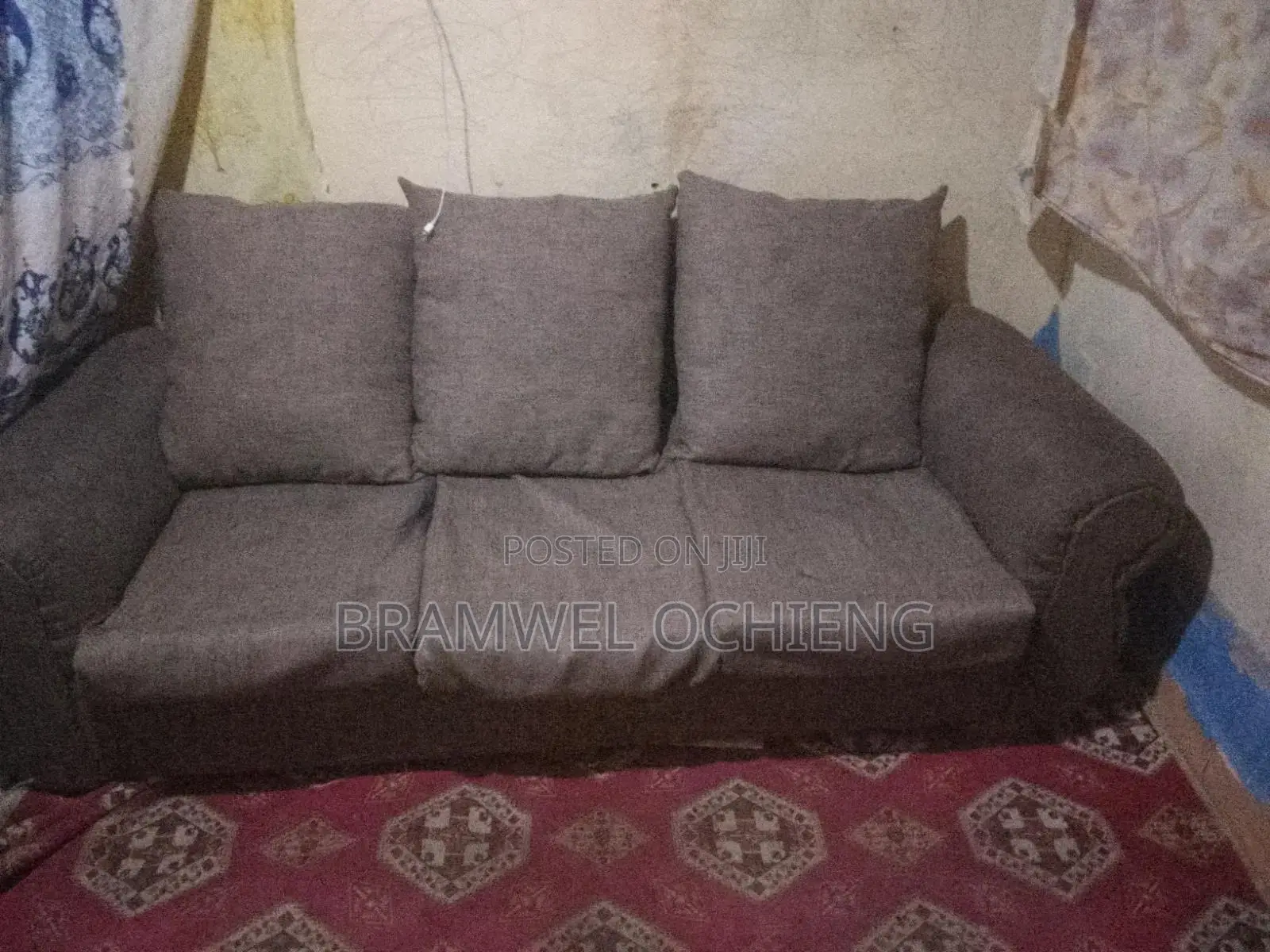 3-Seaters Grey Sofa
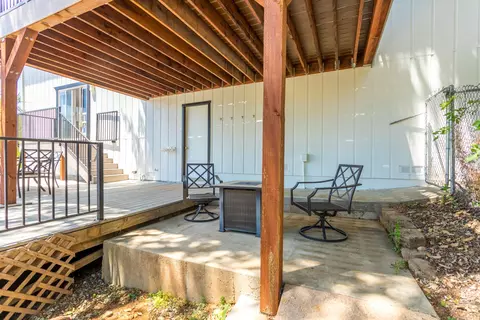 Exterior - 2206 Corral Ct, Redding, CA 96002 photo 9 of 13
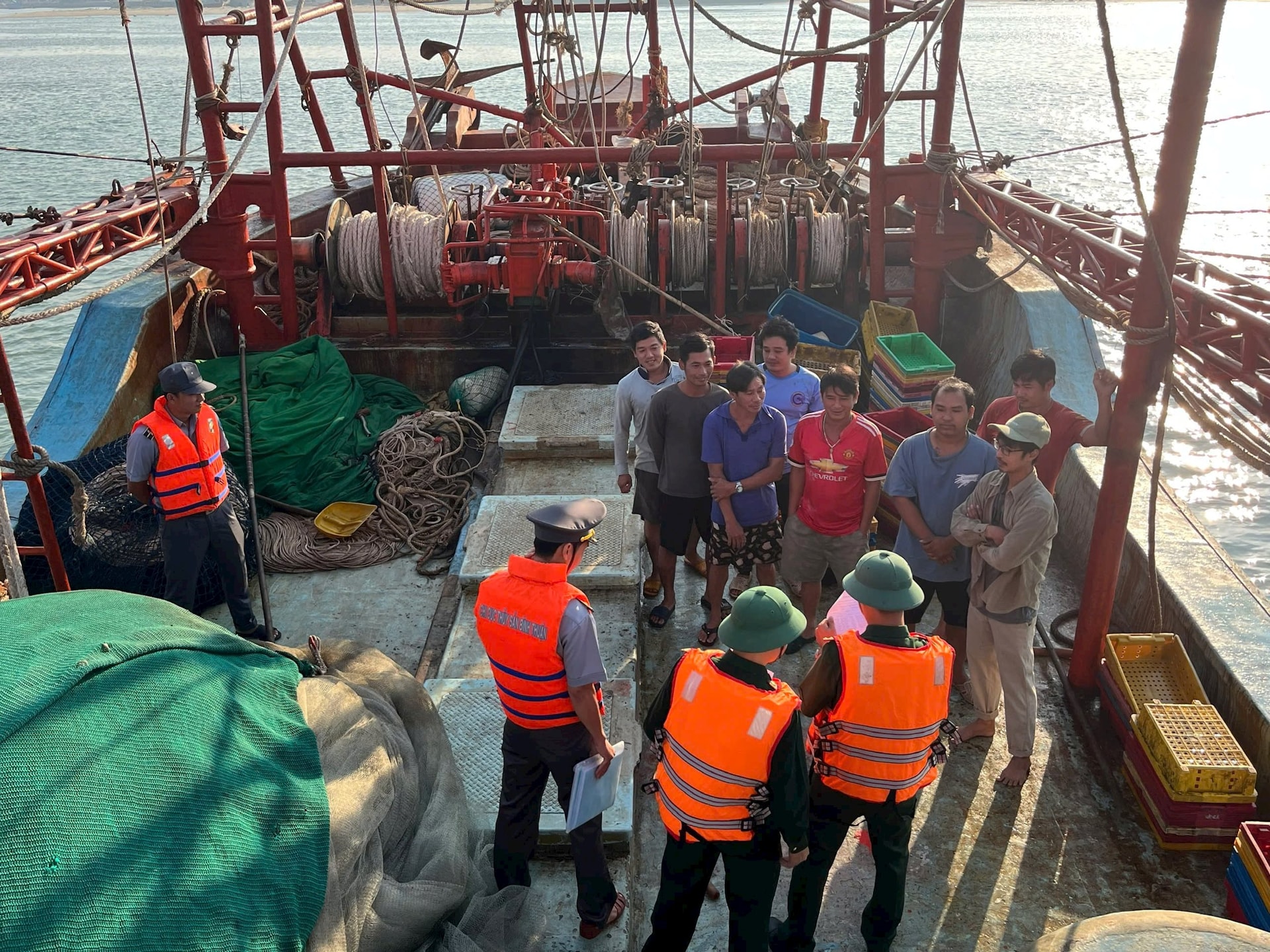 Lực lượng chức năng kiểm tra tàu cá về các quy định chống khai thác IUU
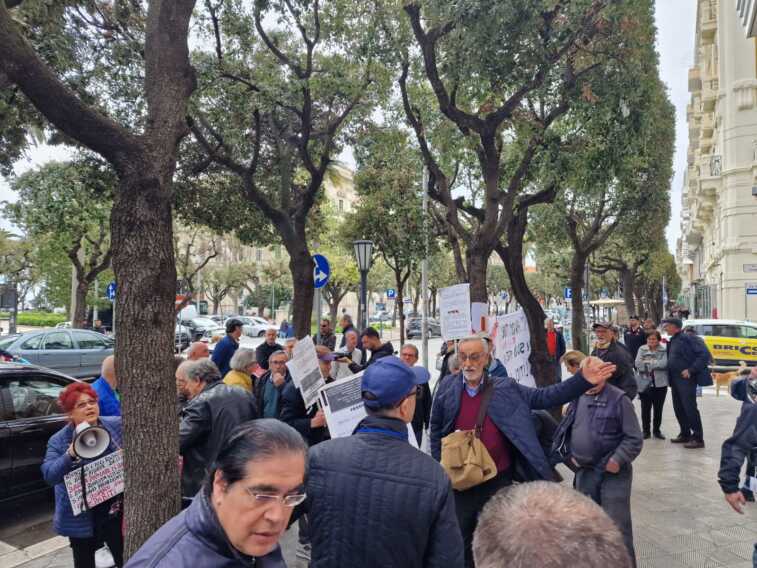 Galleria foto 'Assemblea del cda della Banca popolare di Bari, gli azionisti protestano: «Noi esclusi per paura»' - foto 1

**EXERCISE OBJECTIVE**
Return the full material word for word. Do not include the pictures.

**SOLVED PROBLEM**
 3-Seaters Grey Sofa
 Exterior - 2206 Corral Ct, Redding, CA 96002 photo 9 of 13
 Lực lượng chức năng kiểm tra tàu cá về các quy định chống khai thác IUU
 Galleria foto 'Assemblea del cda della Banca popolare di Bari, gli azionisti protestano: «Noi esclusi per paura»' - foto 1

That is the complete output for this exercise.